Der beste Weg, um Nutzererlebnisfäule zu bekämpfen, besteht darin, zu allem außer den allerwichtigsten Features Nein zu sagen. Bremst man absichtlich die Produkt-Roadmap ab, um nur wirklich gut durchdachte und integrierte Erweiterungen einzubauen, hält man die Fäulnis in Schach.

Das Nein-Sagen ist immer im Werkzeugkasten eines Entwicklungsteams, aber in der Aufregung, etwas Neues zu produzieren, das Presse und Aufmerksamkeit bekommt, wird es oft übersehen. Es braucht eine Menge organisatorische Willensstärke, die Anwendung simpel zu halten.

Oft erkennt man auf Entscheidungsebene erst dann, dass man hätte Nein sagen müssen, wenn die Fäulnis über das ganze System hinweg grauenvoll sichtbar ist. Erst wenn die User über die Komplexität lamentieren und die Entwickler wichtige Änderungen nicht mehr schnell genug umsetzen können, realisieren alle das ganze Ausmaß des Problems.

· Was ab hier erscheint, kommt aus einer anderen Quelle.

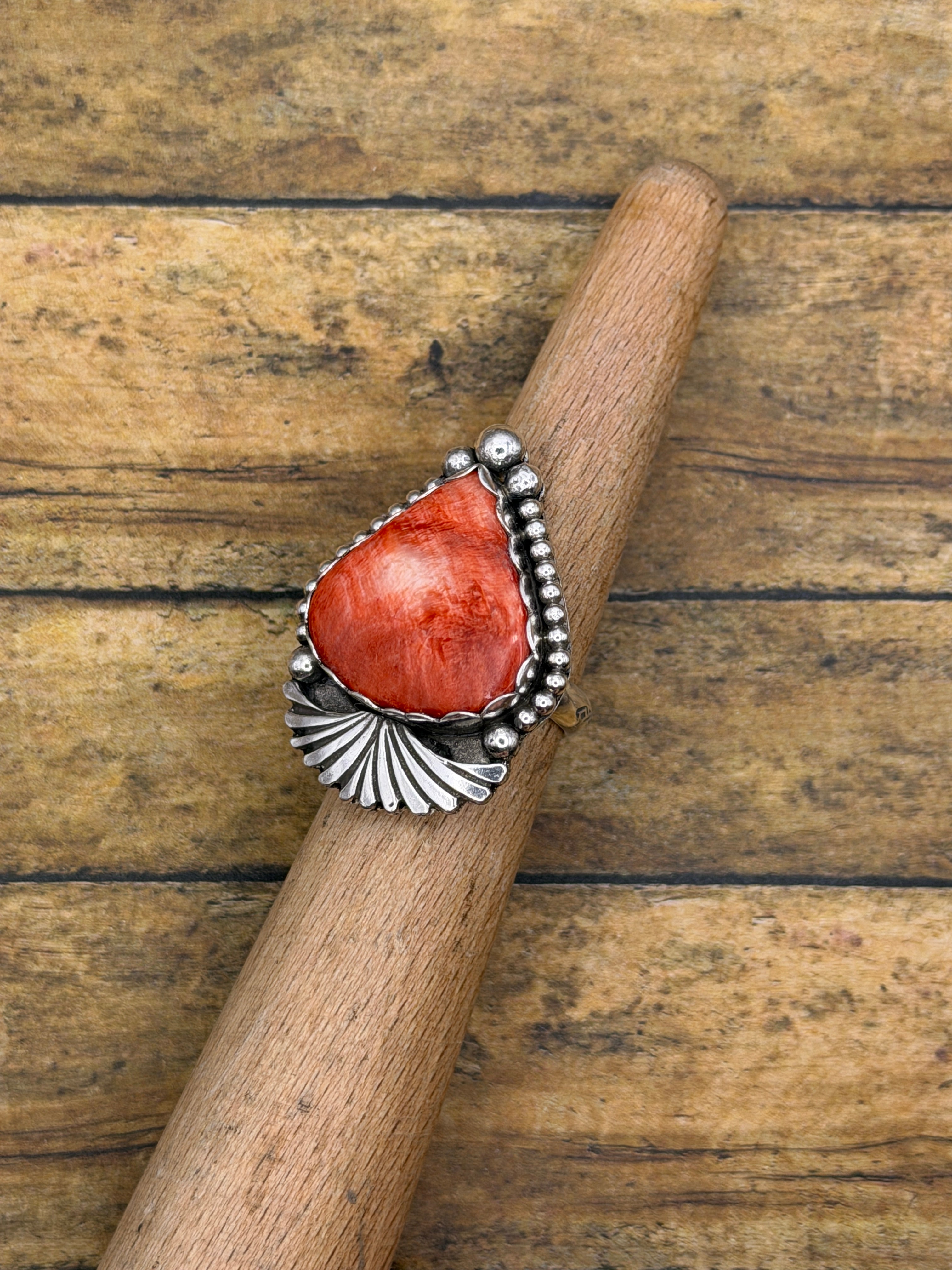 Cameron-Spiny Oyster Statement Ring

Tausend Neins für jedes Ja

Organisatorische Führungsstärke ist nötig, um das Team darauf zu fokussieren, Nutzererlebnisfäule von Anfang an zu bekämpfen. In der heutigen Welt ist das nicht die Norm, aber wir erhaschen durchaus flüchtige Blicke auf Teams, die es durchziehen.

Steve Jobs sagte mal: "Man muss sorgfältig auswählen. Tatsächlich bin ich stolzer auf die Dinge, die wir nicht getan haben, als auf die, die gemacht wurden. Innovation heißt, zu tausend Dingen Nein zu sagen."

Es ist eine hohe Kunst, die richtigen Dinge zu wählen, zu denen man Ja sagt. Ein Trick ist der, die Wahl unter wirklich vielen Dingen zu haben. Zu tausend Dingen Nein zu sagen, wie Steve es fordert, bedeutet, dass Sie auch tausend Dinge haben müssen, zu denen Sie Nein sagen können.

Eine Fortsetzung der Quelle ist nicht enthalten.